**EXERCISE DESCRIPTION:**
From start to end, write out the following data exactly, apart from its images.

**PROVIDED DATA:**
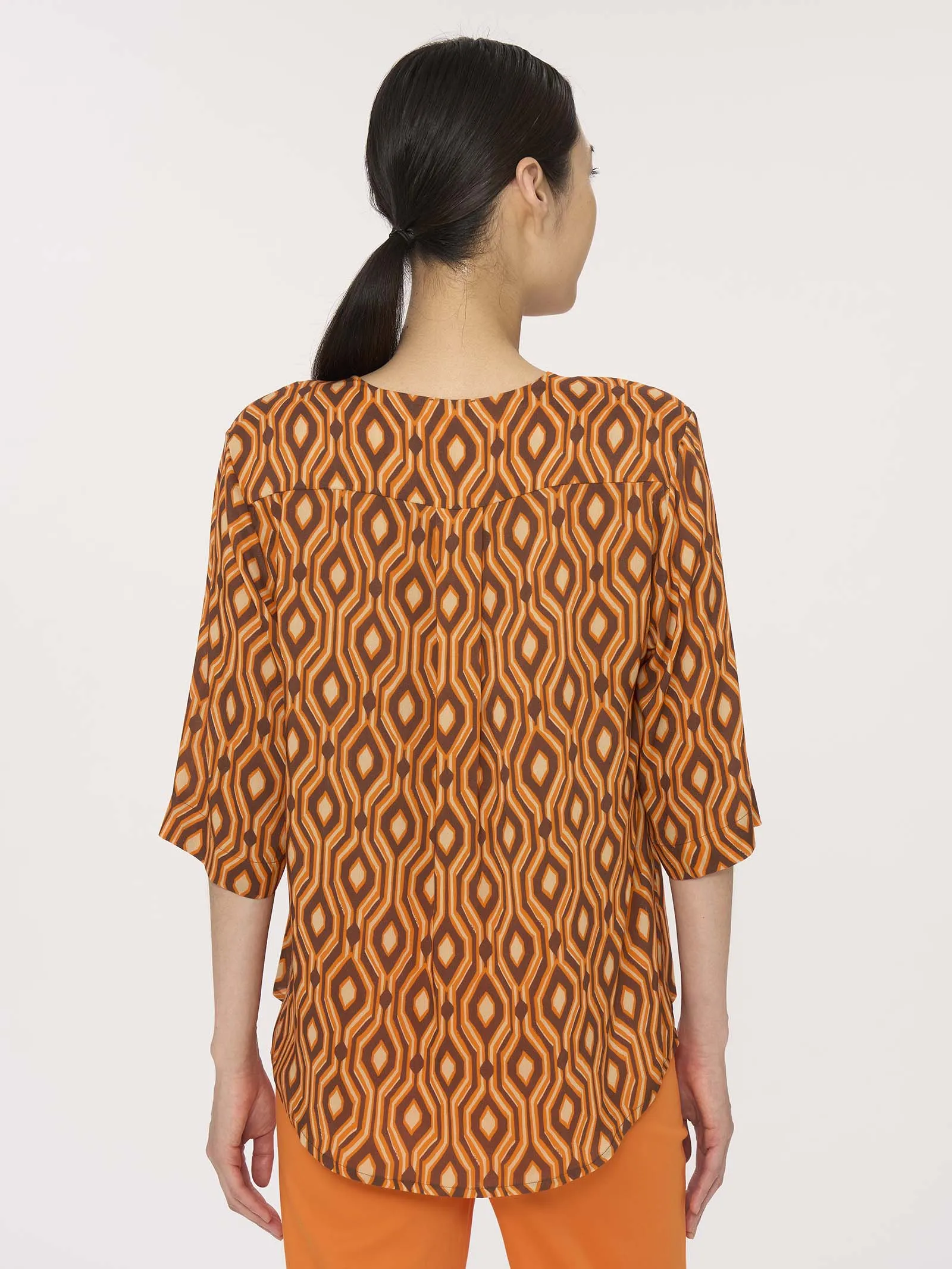 Blusa con scollo a V in Ecoseta - Fant. Irish Cream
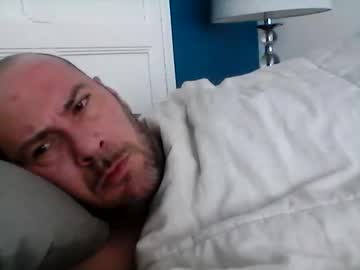Custum40 Chaturbate stream image from January 29, 2025
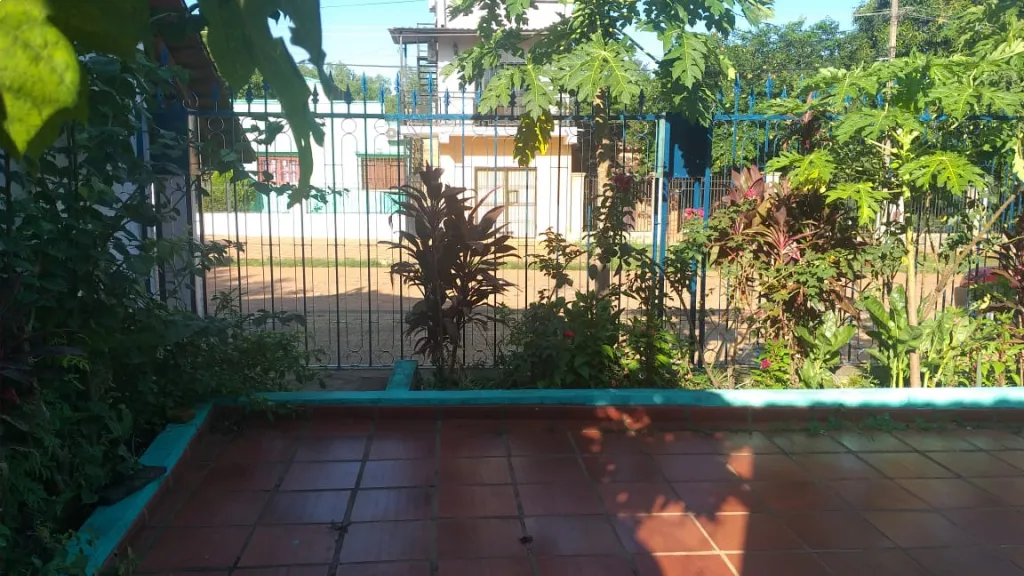 Vendo casa con piscina y quincho en Caacupé — foto 3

**ANSWER:**
 Blusa con scollo a V in Ecoseta - Fant. Irish Cream
Custum40 Chaturbate stream image from January 29, 2025
 Vendo casa con piscina y quincho en Caacupé — foto 3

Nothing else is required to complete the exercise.